Rice course - intro to database
Early Open Source Databases
- Postgres (1997) / PostgreSQL
- MySQL (1995)
- SQLite (2000)
POSTGRES, the predecessor to PostgreSQL, was created first in 1986 at UC Berkeley. Its name was short for “POST-Ingres”, as it was a successor to the Ingres database. The original system did not use SQL, but support was added around 1995, and soon after, it was renamed to PostgreSQL. Many experienced developers prefer Postgres because it has a superior query optimizer, more advanced data types, is less likely to produce unexpected results and deadlocks.
MySQL was created in 1995 by Michael Widenius and David Axmark as an alternative to the mSQL database. The system was named after Michael’s daughter, My. From the start, the database was designed to be flexible, powerful, and relatively easy to use. This led to its quick adoption by the web hosting community, and it was used as the default database for WordPress. MariaDB (named after Michael’s other daughter, Maria) was initially created as a drop-in replacement for MySQL.
SQLite is a serverless database engine. It functions as a lightweight library embedded directly into applications, reading and writing data from a single file on disk. This simplicity eliminates the need for a separate server process and makes SQLite highly portable. However, SQLite’s concurrency model is more restrictive: while it allows multiple readers, only one process can write to the database at a time. (If you have a Mac, sqlite3 should be available on there.)
The Relational Model is usually denoted using LIKES (DRINKER, COFFEE)
Keys (If the key for two tuples are the same, they must be the same tuple)
- Candidate Keys: A relation schema can have many keys, those that are minimal are CANDIDATE KEYs.
- Primary Keys: One minimal CANDIDATE KEY is typically designated as the PRIMARY KEY.
- Foreign Keys: we still need some notion of between-tuple references.
Super key: An attribute or set of attributes that uniquely defines a tuple within a relation.
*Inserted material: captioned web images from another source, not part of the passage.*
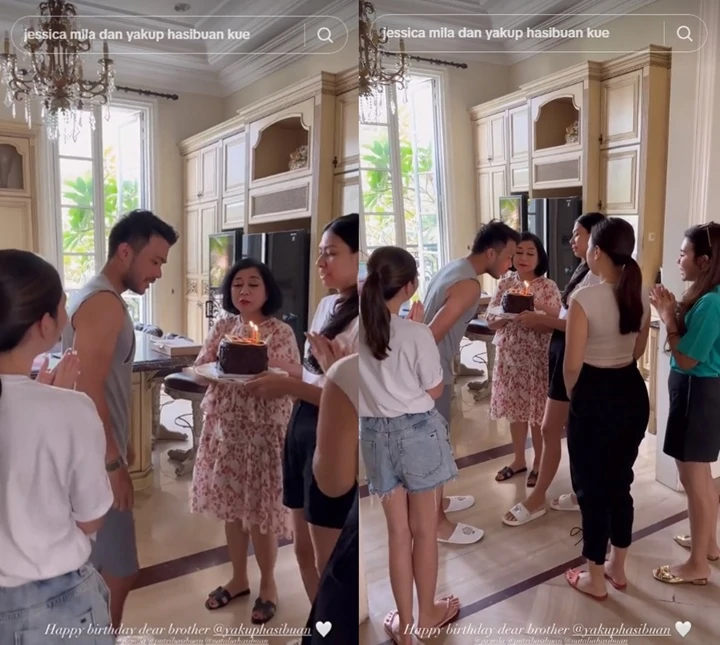Jessica Mila Dikasihani Saat Rayakan Ultah Suami Gegara Sikap Kakak Ipar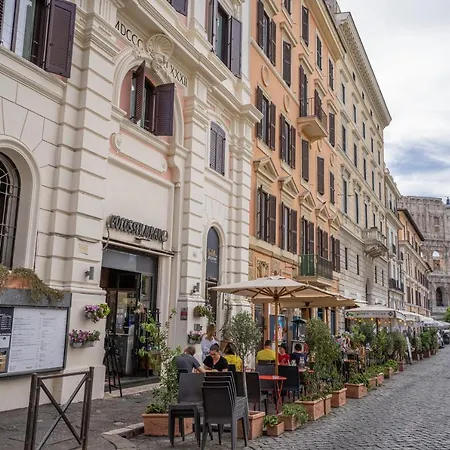 Colosseo Luxe In The Center Of Apartamento *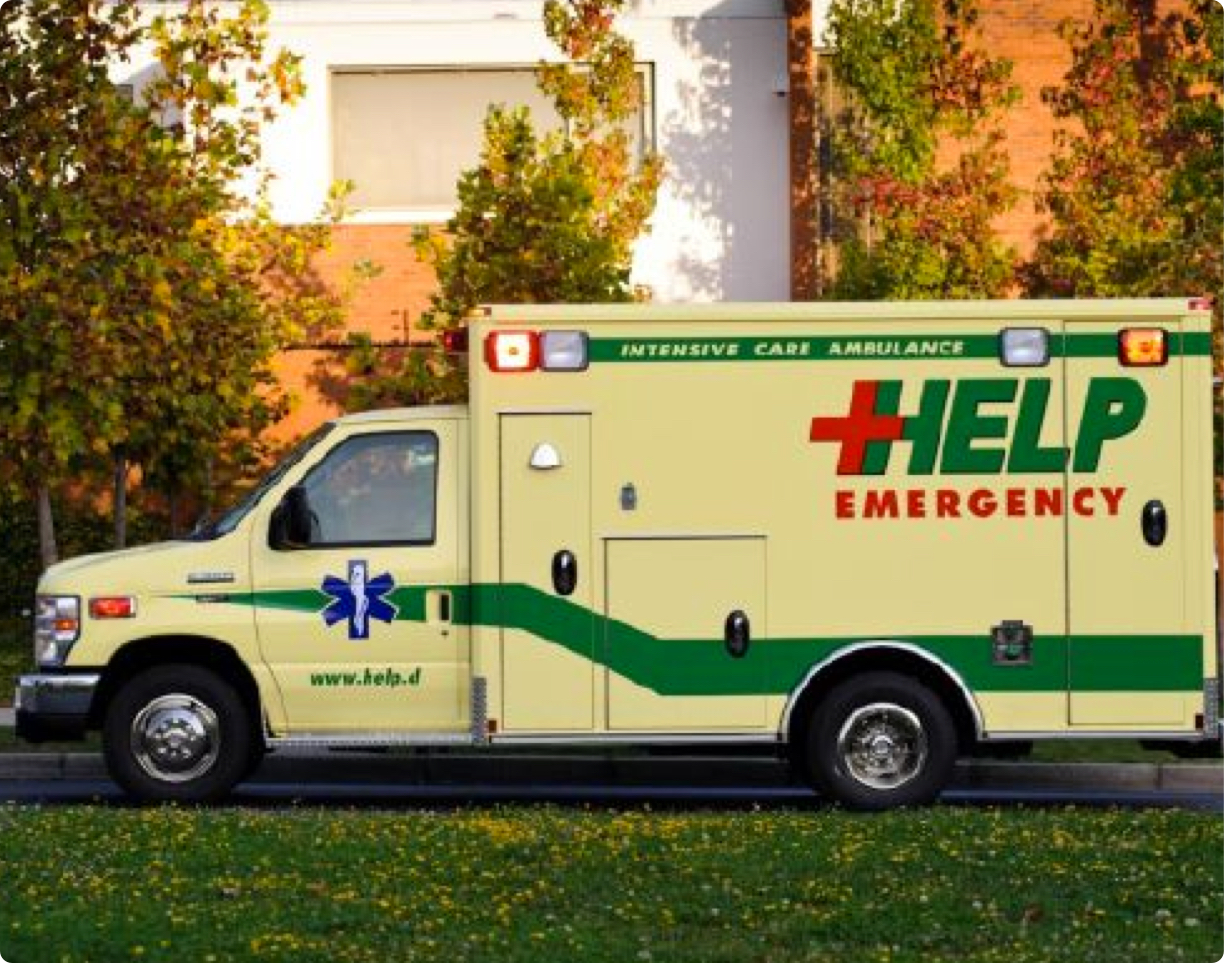 Ambulancia Help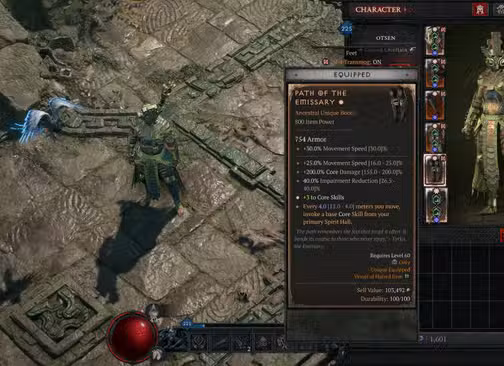 gamen.pro diablo 4 season 11 path of the emissary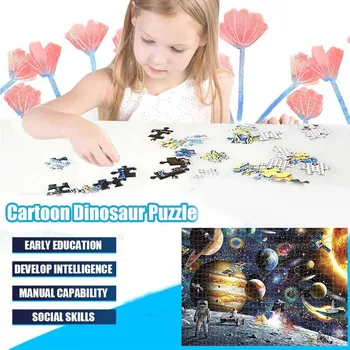 

Adults Puzzles 1000 Piece Large Puzzle Game Interesting Toys Personalized Gift kids educational toy set
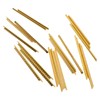 19Pcs Guitar Fret Wire Set Metal Pre Rounded Corner Design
However, a superkey may contain additional attributes that are not necessary for unique identification.
The foreign key must be an attribute or set of attributes that are uniquely identify a record in another table, and that combination of attribute values must be present in the other table.
Attribute Constraints
- DEFAULT, NULL/NOT NULL, UNIQUE, CHECK
Table Level Constraints
- PRIMARY KEY, FOREIGN KEY, UNIQUE, CHECK
PRIMARY KEY Constraint
- Enforces uniqueness when the attribute is populated
- Creates an index
- Disallows NULLs
- Can be compound or single attribute
- Can be natural (LastName, FirstName, DOB)
- Can be synthetic (assigned by the database)
Relational Algebra
- Projection π: Projection removes attributes
- Selection σ: Selection removes tuples
- Rename ρ: Renames attribute or relation
- Assignment ←: For convenience, assigns the relation to a temporary variable
- Join: Cartesian product (aka: cross product),Theta Join,Natural Join
- Union, Intersection, Difference
Left / Right Outer Join
- R LEFT OUTER JOIN S ON
R.<att> = S.<att>
- LEFT JOIN and LEFT OUTER JOIN are the same
- 包括左表中的所有行以及右表中匹配的行,如果左表的某行在右表中没有匹配行,assigns NULLs
SQL
- Data Manipulation Language (SELECT, INSERT, UPDATE, DELETE…)
- Data Definition Language (CREATE, ALTER, DROP…)
- Data Control Language (GRANT, REVOKE…)
-- Who goes to a cafe serving Cold Brew?
SELECT DISTINCT f.DRINKER
FROM FREQUENTS AS f, SERVES AS s
WHERE f.CAFE = s.CAFE AND s.COFFEE = 'Cold Brew'
WHERE Clause
- <Attribute> = <value>
- <Attribute> BETWEEEN <value1> AND <value2>
- <Attribute> IN ([value1], [value2], ?)
- <Attribute> LIKE 'SST%'
- <Attribute> LIKE 'SST_'
- <Attribute> IS NULL
- <Attribute> IS NOT NULL
- Logical combinations with AND and OR
- We can also have a subquery in the WHERE clause (EXISTS / NOT EXISTS, IN / NOT IN )
/*
% represents zero, one or multiple characters
- represents a single character
*/
-- Who goes to a cafe serving Cold Brew?
SELECT DISTINCT f.DRINKER
FROM FREQUENTS AS f
WHERE EXISTS (
SELECT s.CAFE
FROM SERVES AS s
WHERE f.CAFE = s.CAFE AND s.COFFEE = 'Cold Brew'
)
/*
f 的每一行带入子查询,检查返回结果是否为 true
EXISTS 用于检查子查询是否至少会返回一行数据,该子查询实际上并不返回任何数据,而是返回 True/False
*/
Aggregations and Grouping
In database management, an aggregate function is a function where the values of multiple rows are grouped together to form a single value of more significant meaning.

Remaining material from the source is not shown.